FIG. 11 illustrates by an example how adjacent I-frames can be used for scene cut detection. For the example shown in FIG. 11A, when the candidate scene cut frame (1120) is a partially received I-frame, the received part of the frame can be decoded properly into the pixel domain since it does not refer to other frames. Similarly, adjacent I-frames (1110, 1130) can also be decoded into the pixel domain (i.e., the pictures are reconstructed) without incurring much decoding complexity. After the I-frames are reconstructed, the traditional scene cut detection methods may be applied, for example, by comparing the difference of the histogram of luminance between the partially decoded pixels of frame (1120) and the collocated pixels of adjacent I-frames (1110, 1130).

For the example shown in FIG. 11B, the candidate scene cut frame (1160) may be totally lost. In this case, if the image feature difference (for example, histogram difference) between adjacent I-frames (1150, 1170) is small, the candidate location can be identified as a not being a scene cut location. This is especially true in the IPTV scenario where the GOP length is usually 0.5 or 1 second, during which multiple scene changes are unlikely.

Using reconstructed I-frames for scene cut artifacts detection may have limited use when the distance between I-frames is large. For example, in mobile video stream scenario, the GOP length can be up 5 seconds, and the frame rate can be as low as 15 fps. Therefore, the distance between the candidate scene cut location and the previous I-frame is too large to obtain robust detection performance.

The embodiment which decodes some I-pictures may be used in combination with the bitstream level embodiment (for example, method 1000) to complement each other. In one embodiment, when they should be deployed together may be decided from the encoding configuration (for example, resolution, frame rates).

The present principles may be used in a video quality monitor to measure video quality. For example, the video quality monitor may detect and measure scene cut artifacts and other types of artifacts, and it may also consider the artifacts caused by propagation to provide an overall quality metric.

FIG. 12 depicts a block diagram of an exemplary video quality monitor 1200. The input of apparatus 1200 may include a transport stream that contains the bitstream. The input may be in other formats that contains the bitstream.

Demultiplexer 1205 obtains packet layer information, for example, number of packets, number of bytes, frame sizes, from the bitstream. Decoder 1210 parses the input stream to obtain more information, for example, frame type, prediction residuals, and motion vectors. Decoder 1210 may or may not reconstruct the pictures.
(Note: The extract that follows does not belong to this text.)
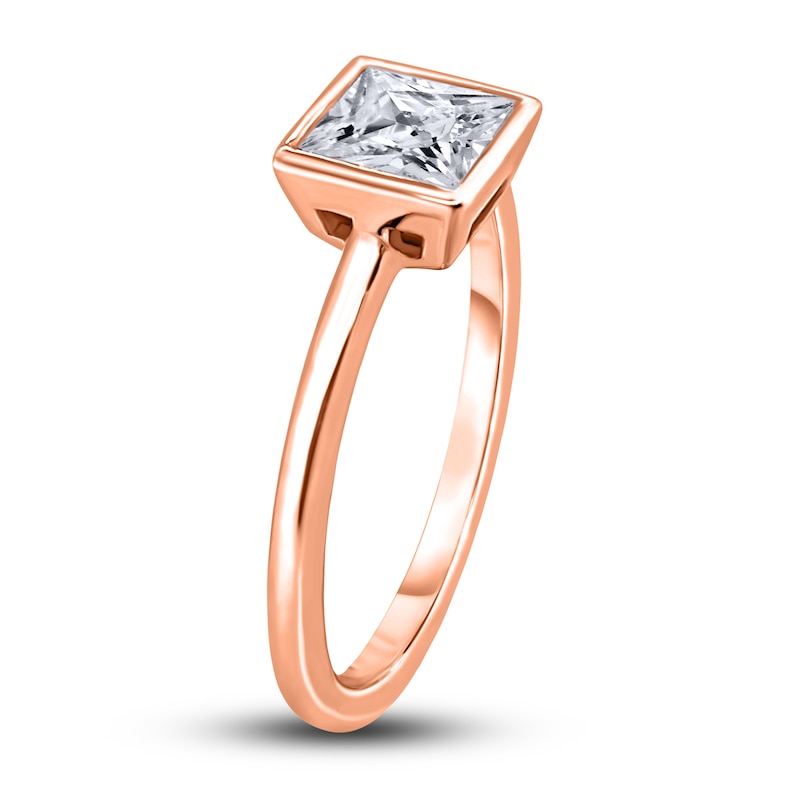 Main Image 2 of Diamond Solitaire Engagement Ring 3/4 ct tw Bezel-Set Princess 14K Rose Gold (I2/I)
In other embodiments, the decoder may perform the functions of the demultiplexer.

Using the decoded information, candidate scene cut artifact locations are detected in a candidate scene cut artifact detector 1220, wherein method 700 may be used. For the detected candidate locations, a scene cut artifact detector 1230 determines whether there are scene cuts in the decoded video, therefore determines whether the candidate locations contain scene cut artifacts. For example, when the detected scene cut frame is a partially lost I-frame, a lost macroblock in the frame is detected as having a scene cut artifact. In another example, when the detected scene cut frame refers to a lost scene cut frame, a macroblock that refers to the lost scene cut frame is detected as having a scene cut artifact. Method 1000 may be used by the scene cut detector 1230.

After the scene cut artifacts are detected in a macroblock level, a quality predictor 1240 maps the artifacts into a quality score. The quality predictor 1240 may consider other types of artifacts, and it may also consider the artifacts caused by error propagation.
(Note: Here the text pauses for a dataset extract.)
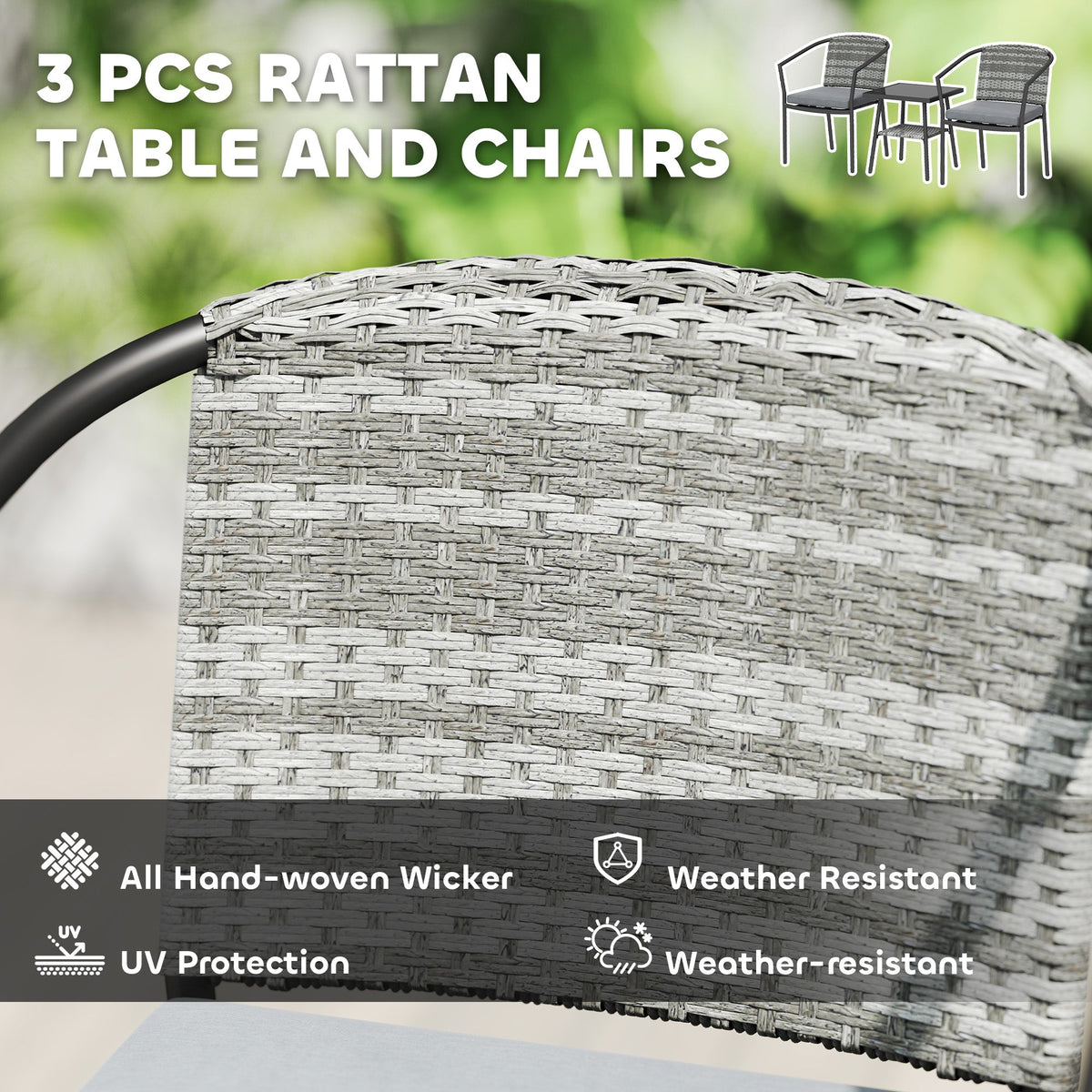 3pc Wicker Bistro Set with Cushions and 2-Tier Glass Table, Dark Grey — product view 6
Referring to FIG. 13, a video transmission system or apparatus 1300 is shown, to which the features and principles described above may be applied. A processor 1305 processes the video and the encoder 1310 encodes the video. The bitstream generated from the encoder is transmitted to a decoder 1330 through a distribution network 1320. A video quality monitor may be used at different stages.
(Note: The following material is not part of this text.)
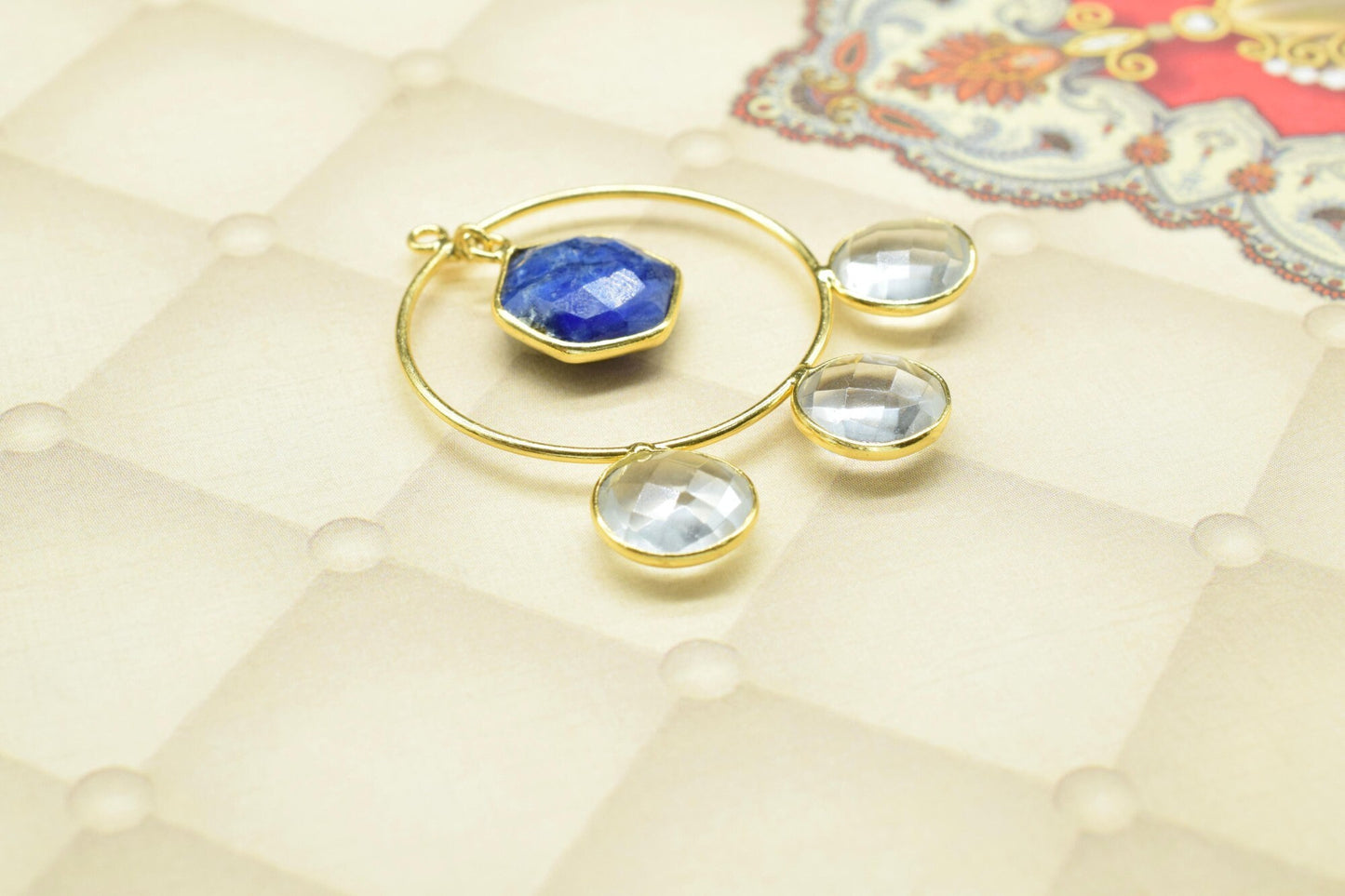 Blue Sapphire Dangle Component Earring,chandelier Earring,Crystal Earring,Connector jewelry,Gemstone Component,Finding Round Earring,gift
In one embodiment, a video quality monitor 1340 may be used by a content creator. For example, the estimated video quality may be used by an encoder in deciding encoding parameters, such as mode decision or bit rate allocation. In another example, after the video is encoded, the content creator uses the video quality monitor to monitor the quality of encoded video. If the quality metric does not meet a pre-defined quality level, the content creator may choose to re-encode the video to improve the video quality. The content creator may also rank the encoded video based on the quality and charges the content accordingly.

In another embodiment, a video quality monitor 1350 may be used by a content distributor. A video quality monitor may be placed in the distribution network. The video quality monitor calculates the quality metrics and reports them to the content distributor. Based on the feedback from the video quality monitor, a content distributor may improve its service by adjusting bandwidth allocation and access control.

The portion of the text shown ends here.